Modulation of Gcn5 levels in the prohemocytes alters blood cell homeostasis in the lymph gland

Posterior Signalling Center (PSC) population marked by Antennapedia (red) upon Dome-Gal4 mediated knockdown (B-B’) or over-expression (C-C’) of Gcn5 as compared to wildtype (A- A’). Plasmatocyte differentiation marked by P1 (red) upon Dome-Gal4 mediated knockdown (E-E’) or over-expression (F-F’) of Gcn5 as compared to wildtype (D-D’). Crystal cell differentiation marked by Hnt (red) upon Dome-Gal4 mediated knockdown (H-H’) or over- expression (I-I’) of Gcn5 as compared to wild type (G-G’). Cells undergoing DNA damage marked by γH2AX (red) upon Dome-Gal4 mediated knockdown (K-K’) or over-expression (L- L’) of Gcn5 as compared to wild type (J-J’). Graphical representation of PSC numbers upon modulation of Gcn5 levels in the Dome positive population compared to wildtype (M), n=28 for wildtype, n=28 for Gcn5 knockdown, and n=20 for Gcn5 over-expression. Graphical representation of prohemocyte index upon modulation of Gcn5 levels in dome population compared to wildtype (N), n=30 for wildtype, n=30 for Gcn5 knockdown, and n=30 for Gcn5 over-expression. Graphical representation of plasmatocyte differentiation index upon modulation of Gcn5 levels in dome population compared to wildtype (O), n=35 for wildtype, n=23 for Gcn5 knockdown, and n=25 for Gcn5 over-expression.
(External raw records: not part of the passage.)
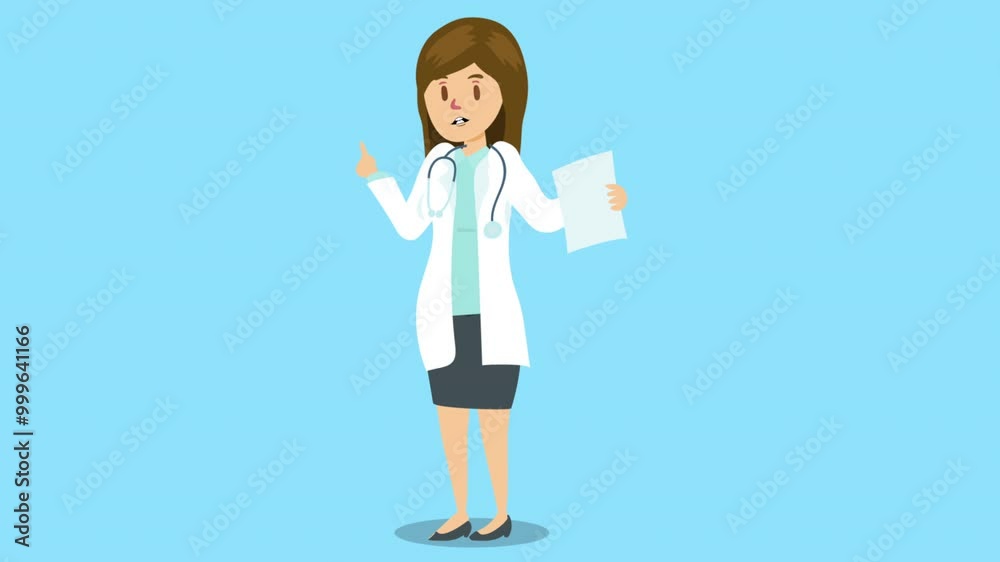 Doctor In Medical Uniform Raises Index Finger And Gives Advice 2D Cartoon Animation Doctor In Medical Uniform Raises Index Finger And Gives Advice 2D Cartoon Animation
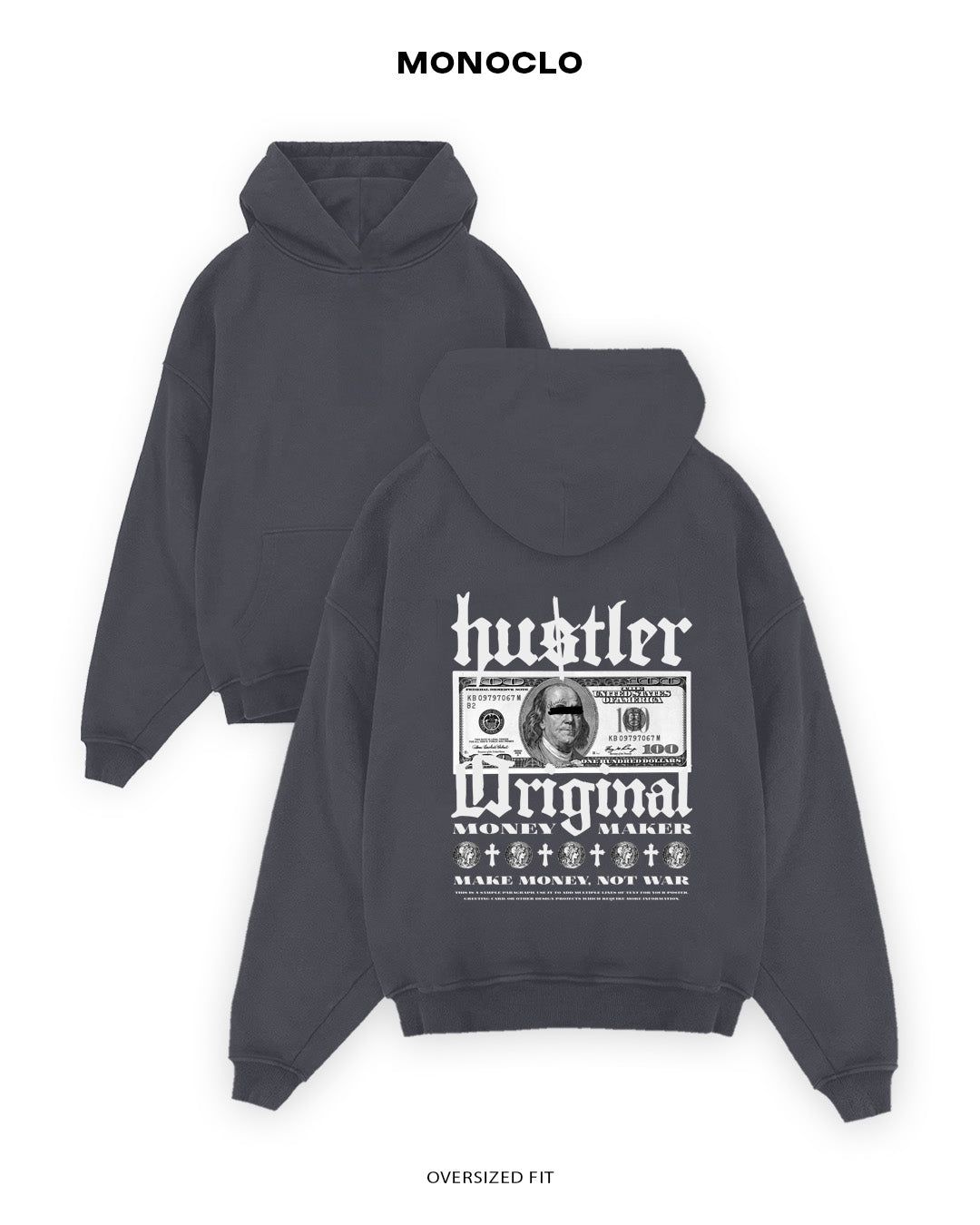 Худі Monoclo Monoclo Hustler Original Money Maker - shop_name Чорний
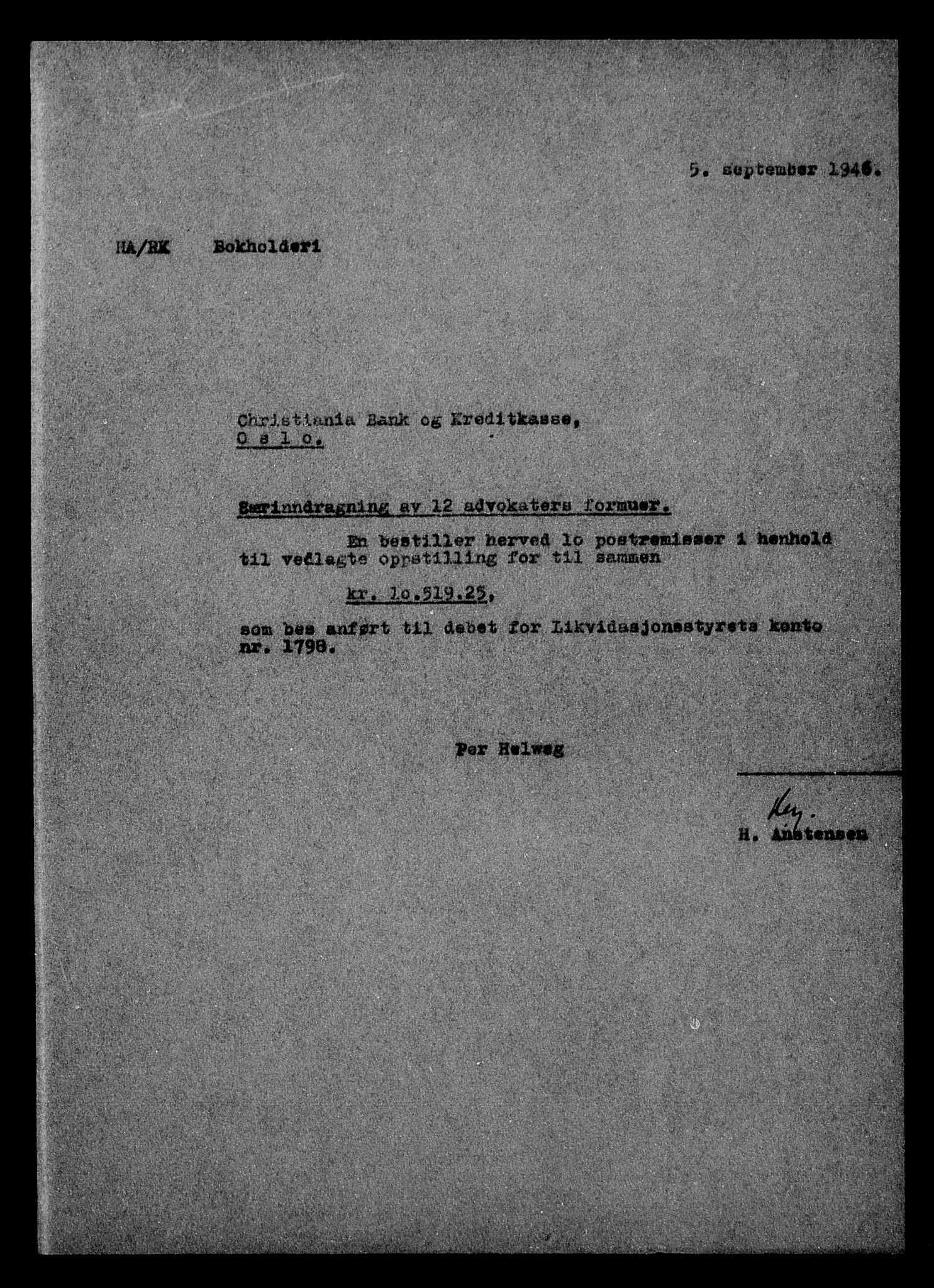 Justisdepartementet, Tilbakeføringskontoret for inndratte formuer, RA/S-1564/H/Hc/Hcd/L1009: --, 1945-1947, s. 153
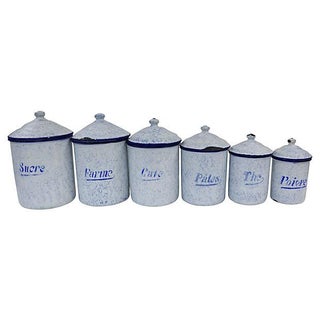 Vintage French Enamel Kitchen Canisters - Set of 6 For Sale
Graphical representation of Crystal cell differentiation index upon modulation of Gcn5 levels in the dome population compared to wildtype (P), n=37 for wildtype, n=21 for Gcn5 knockdown, and n=33 for Gcn5 over-expression. Graphical representation of γH2AX positive cells upon modulation of Gcn5 levels in the dome population compared to wildtype (Q), n=33 for wildtype, n=27 for Gcn5 knockdown, and n=38 for Gcn5 over-expression. Nuclei are stained with DAPI (blue). Dome>GFP positive population (Green) indicates the expression domain of Dome-Gal4 activity in the LG. n represent the number of individual primary lobes of the LG. Individual data points in the graphs represent individual primary lobes of the Lymph Gland. Values are mean ± SD, and asterisk marks statistically significant differences (**p<0.01; ***p<0.001; ****p<0.0001, Student’s t-test with Welch’s correction). Scale Bar: 50µm (A-L’).

Prohemocyte-specific expression of Gcn5 domain deletion constructs affects LG homeostasis.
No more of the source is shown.